» **Stored data**
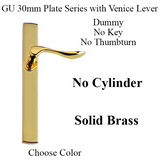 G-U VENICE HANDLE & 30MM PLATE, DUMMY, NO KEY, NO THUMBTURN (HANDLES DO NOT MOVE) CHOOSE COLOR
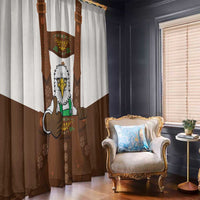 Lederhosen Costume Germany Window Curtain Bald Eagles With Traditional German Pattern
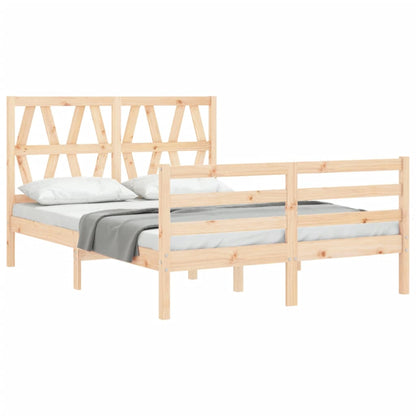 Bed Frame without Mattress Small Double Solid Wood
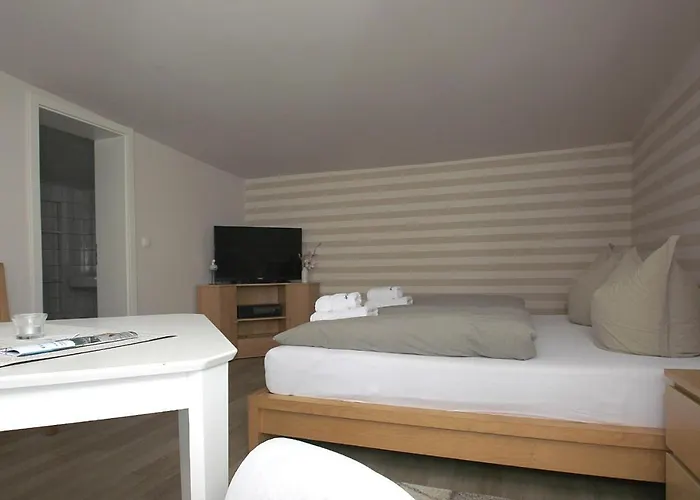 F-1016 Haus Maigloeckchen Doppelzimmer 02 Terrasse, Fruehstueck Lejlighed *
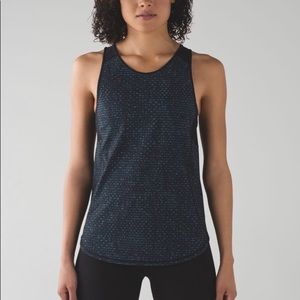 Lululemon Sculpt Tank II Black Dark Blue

» **How to complete this task**
Retype each entry above character for character; pictures stay out.

» **Response for this exercise**
 G-U VENICE HANDLE & 30MM PLATE, DUMMY, NO KEY, NO THUMBTURN (HANDLES DO NOT MOVE) CHOOSE COLOR
 Lederhosen Costume Germany Window Curtain Bald Eagles With Traditional German Pattern
 Bed Frame without Mattress Small Double Solid Wood
 F-1016 Haus Maigloeckchen Doppelzimmer 02 Terrasse, Fruehstueck Lejlighed *
 Lululemon Sculpt Tank II Black Dark Blue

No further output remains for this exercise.